CEPS AS, the Czech electricity-grid operator, said the pace of solar-power investment risks overloading the network and driving up prices for consumers.

Output from solar panels may overwhelm the grid by 2011 and plants may need to be temporarily disconnected to prevent blackouts, CEPS Chief Executive Officer Petr Zeman said today. Total solar capacity may reach 3,000 megawatts in 2015, six times last year’s level and about half the country’s off-peak consumption at summer weekends, the state-run company said.

“We warn investors that their investments might be at risk,” Zeman told a press conference in Prague. CEPS may have to start phasing out plants to prevent a grid overload in the summer of 2011, he said. “When the share of renewables exceeds 1,000 megawatts, the stability of the grid will be threatened and we’ll have to switch some sources off.”

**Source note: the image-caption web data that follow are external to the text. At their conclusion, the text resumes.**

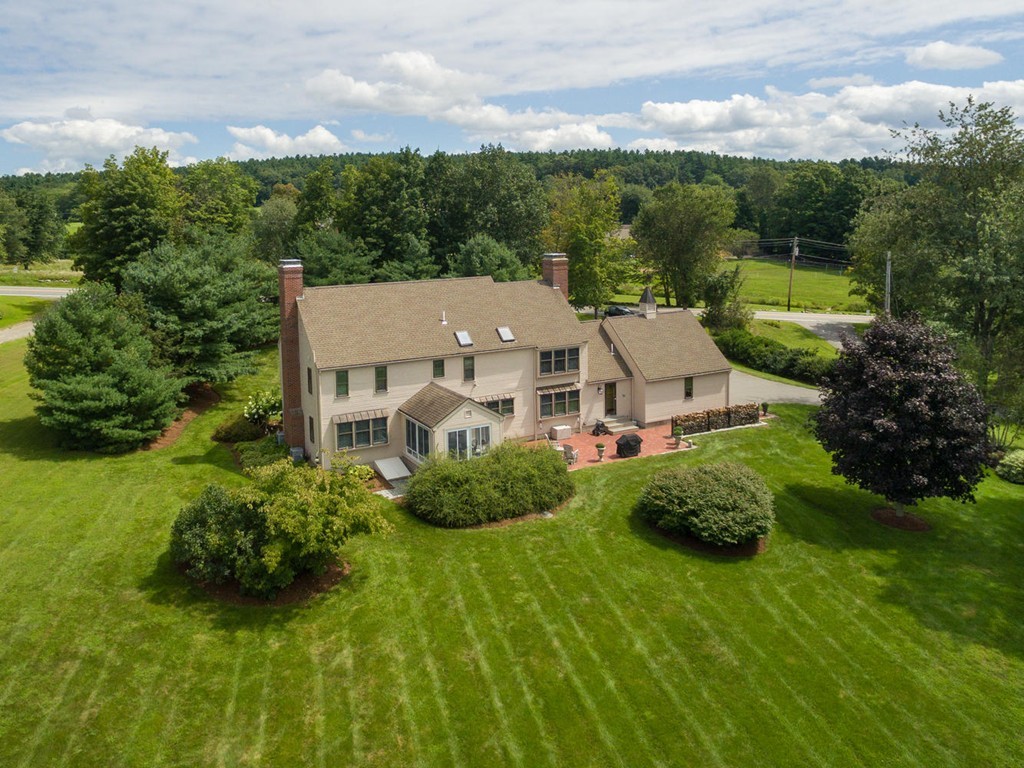 312 Still River Road Harvard, MA 01451 - Photo 4 of 30 Gallery Image 4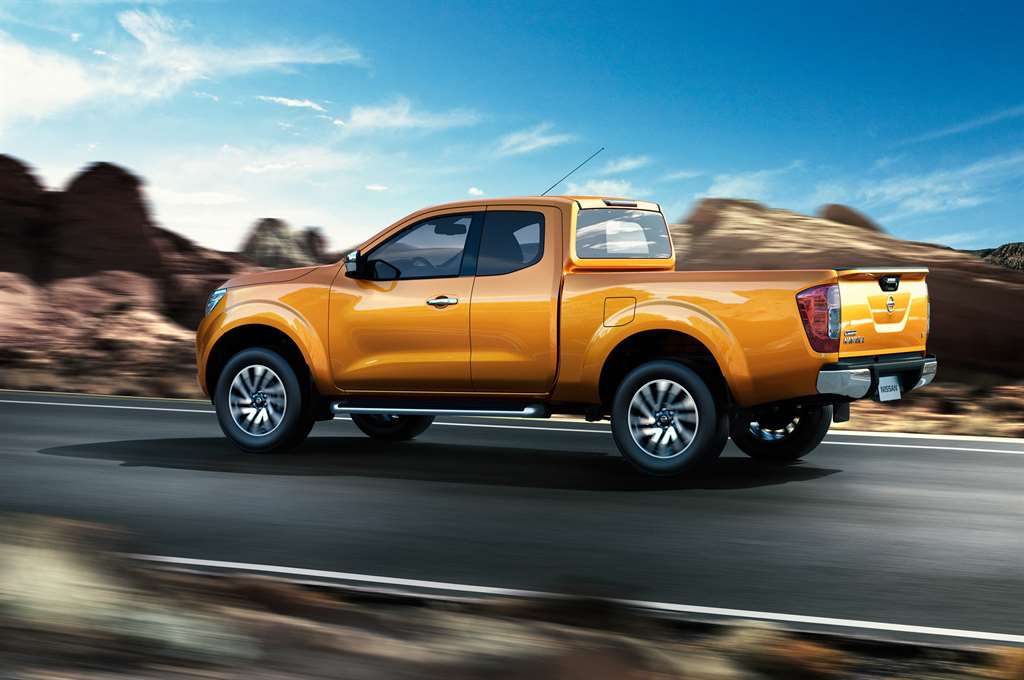 Nissan-Navara_ 05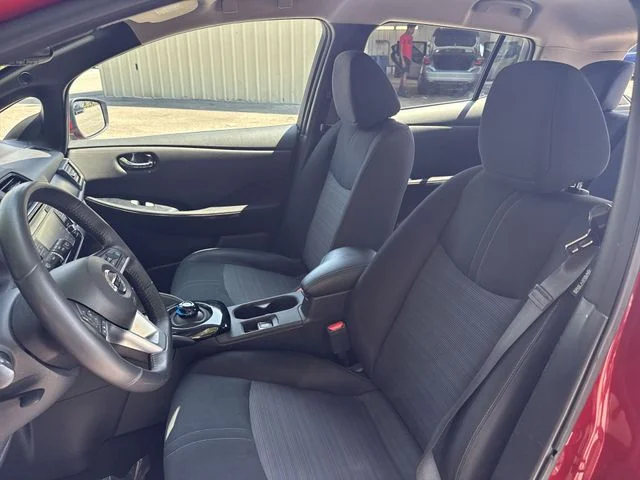 Used 2018 Red Nissan SV image 14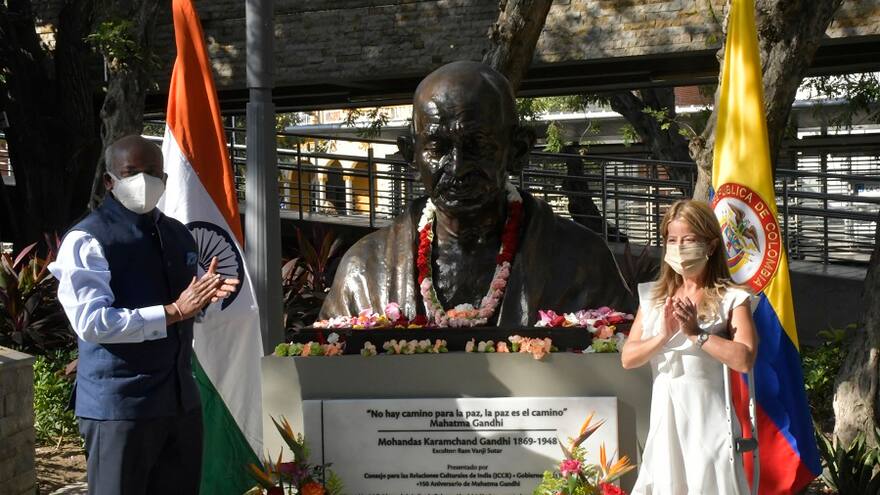Develan busto de Gandhi donadopor la India
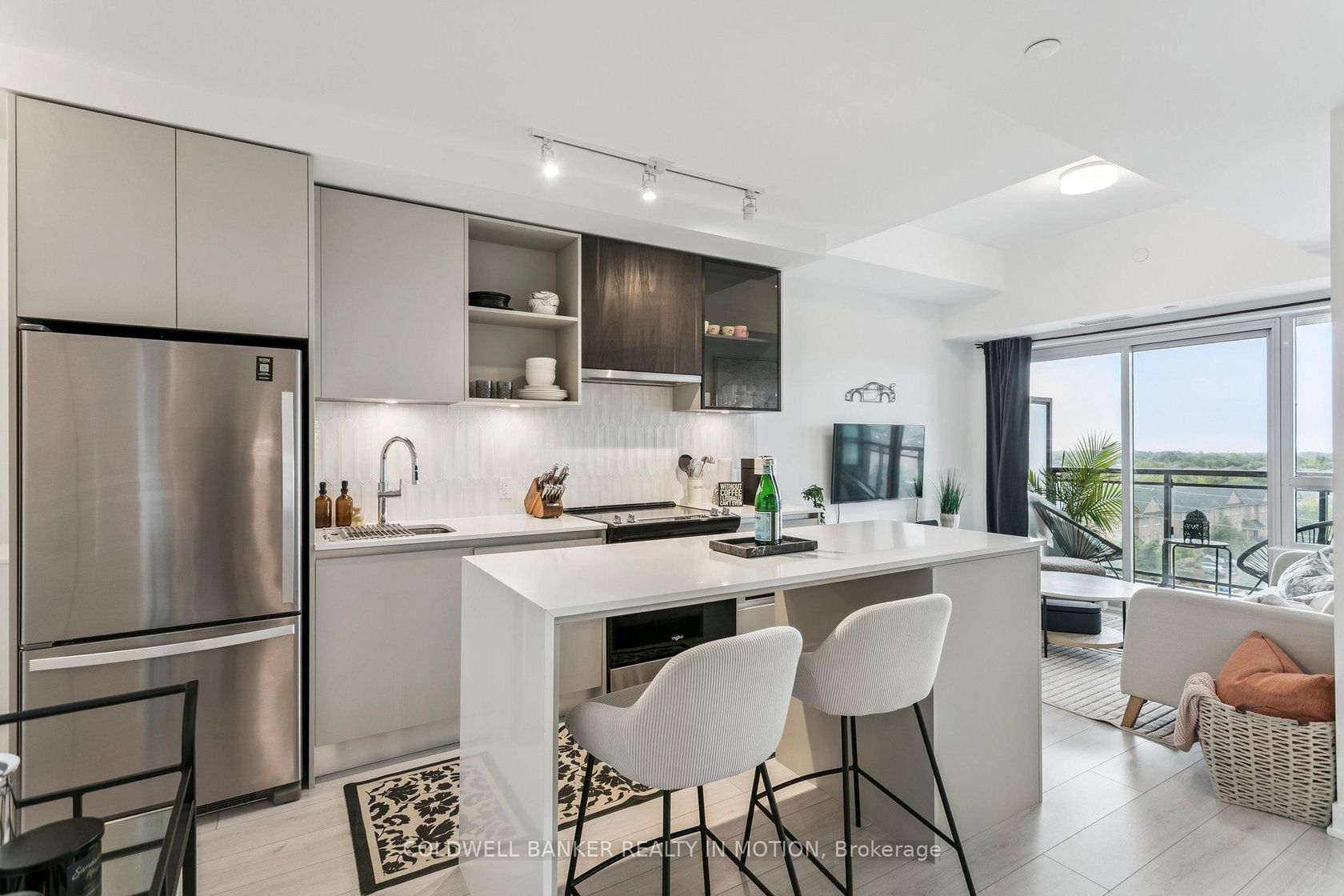 509 - 395 Dundas Street W, GO Glenorchy, Oakville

Czech power producers receive the highest prices in Europe for solar energy, guaranteed by law at 12 koruna ($0.63) a kilowatt-hour, CEPS said. A bill currently in parliament would cut the so-called feed-in tariff for new projects, which has led to a rush of applications from investors hoping to get permits under the existing conditions.

CEPS last week called on regional power distributors to stop issuing permits to new projects while it invests 5 billion koruna a year to boost grid capacity, Pravo newspaper reported on Feb. 11.

Consumer Price Risk

With solar feed-in tariffs about 10 times higher than the cost of power generation at nuclear plants run by state-owned CEZ AS, the solar boom also threatens to push up prices for consumers, according to CEPS board member Miroslav Vrba.

The Czech Wind Energy Association, or CSVE, rejected CEPS’s call for a cap on new renewable-power projects today, citing regulations that require investors to prove the network can accommodate their planned capacity before receiving a permit.

“The situation is not as critical as described” by the grid operator, Michal Janecek, CSVE’s chairman, said in an e- mailed statement before CEPS’s press conference. “CEPS is misleading the public.”

The Czech Republic needs to build more wind and solar-power plants to meet its target of producing 8 percent of electricity from renewable sources this year, CSVE said.